What the exercise asks: For the data below, give again exactly the lines from the one containing "Organic Nectars Raw" through the one containing "Asos Design Maternity", both ends included, and no others.

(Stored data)

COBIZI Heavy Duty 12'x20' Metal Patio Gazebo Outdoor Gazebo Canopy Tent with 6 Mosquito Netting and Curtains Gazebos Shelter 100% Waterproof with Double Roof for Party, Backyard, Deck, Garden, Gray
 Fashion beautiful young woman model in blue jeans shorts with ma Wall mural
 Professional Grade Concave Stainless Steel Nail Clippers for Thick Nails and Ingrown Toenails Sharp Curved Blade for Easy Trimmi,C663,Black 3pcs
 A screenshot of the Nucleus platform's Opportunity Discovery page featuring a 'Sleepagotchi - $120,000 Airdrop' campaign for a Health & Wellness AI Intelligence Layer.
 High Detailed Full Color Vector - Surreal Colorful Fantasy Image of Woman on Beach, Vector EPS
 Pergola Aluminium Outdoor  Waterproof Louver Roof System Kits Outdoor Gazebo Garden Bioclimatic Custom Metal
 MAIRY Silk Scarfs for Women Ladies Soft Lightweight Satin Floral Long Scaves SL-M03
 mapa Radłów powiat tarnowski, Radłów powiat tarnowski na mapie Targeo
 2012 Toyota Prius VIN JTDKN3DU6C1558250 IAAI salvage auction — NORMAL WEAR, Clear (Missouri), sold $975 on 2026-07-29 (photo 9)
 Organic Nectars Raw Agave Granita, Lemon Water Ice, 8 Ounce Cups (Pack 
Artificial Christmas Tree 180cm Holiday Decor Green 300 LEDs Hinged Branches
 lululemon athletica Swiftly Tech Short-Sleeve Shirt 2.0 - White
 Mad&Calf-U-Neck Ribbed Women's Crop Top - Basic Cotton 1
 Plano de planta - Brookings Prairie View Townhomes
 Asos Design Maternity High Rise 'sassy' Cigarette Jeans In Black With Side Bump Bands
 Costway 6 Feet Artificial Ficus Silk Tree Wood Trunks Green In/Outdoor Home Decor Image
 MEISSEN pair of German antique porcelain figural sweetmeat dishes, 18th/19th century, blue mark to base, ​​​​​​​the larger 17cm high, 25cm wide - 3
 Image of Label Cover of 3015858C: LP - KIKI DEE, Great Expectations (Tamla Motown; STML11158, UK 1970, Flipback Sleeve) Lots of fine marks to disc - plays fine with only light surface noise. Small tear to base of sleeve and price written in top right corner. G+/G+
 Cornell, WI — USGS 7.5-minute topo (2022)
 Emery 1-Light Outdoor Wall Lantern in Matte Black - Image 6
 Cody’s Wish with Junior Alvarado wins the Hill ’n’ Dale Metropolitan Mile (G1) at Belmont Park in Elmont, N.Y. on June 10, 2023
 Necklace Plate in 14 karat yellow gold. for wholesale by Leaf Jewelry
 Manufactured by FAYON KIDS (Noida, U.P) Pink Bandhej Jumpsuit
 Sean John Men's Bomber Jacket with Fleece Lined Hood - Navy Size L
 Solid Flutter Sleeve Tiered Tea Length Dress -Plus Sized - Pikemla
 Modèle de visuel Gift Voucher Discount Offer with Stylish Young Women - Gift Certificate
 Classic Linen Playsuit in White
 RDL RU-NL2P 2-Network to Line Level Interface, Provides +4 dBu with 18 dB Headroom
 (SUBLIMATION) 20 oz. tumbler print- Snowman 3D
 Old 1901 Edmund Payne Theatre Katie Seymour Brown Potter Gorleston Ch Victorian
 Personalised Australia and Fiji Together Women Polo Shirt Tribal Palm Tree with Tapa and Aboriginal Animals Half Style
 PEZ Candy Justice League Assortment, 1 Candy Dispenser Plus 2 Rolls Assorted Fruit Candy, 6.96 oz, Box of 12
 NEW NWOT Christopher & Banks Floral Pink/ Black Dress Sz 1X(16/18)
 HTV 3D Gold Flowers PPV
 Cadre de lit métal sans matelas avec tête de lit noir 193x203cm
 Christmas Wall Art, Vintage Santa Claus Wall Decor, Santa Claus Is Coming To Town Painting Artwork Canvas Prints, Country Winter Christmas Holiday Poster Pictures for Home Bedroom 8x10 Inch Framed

Response to the exercise:
 Organic Nectars Raw Agave Granita, Lemon Water Ice, 8 Ounce Cups (Pack 
Artificial Christmas Tree 180cm Holiday Decor Green 300 LEDs Hinged Branches
 lululemon athletica Swiftly Tech Short-Sleeve Shirt 2.0 - White
 Mad&Calf-U-Neck Ribbed Women's Crop Top - Basic Cotton 1
 Plano de planta - Brookings Prairie View Townhomes
 Asos Design Maternity High Rise 'sassy' Cigarette Jeans In Black With Side Bump Bands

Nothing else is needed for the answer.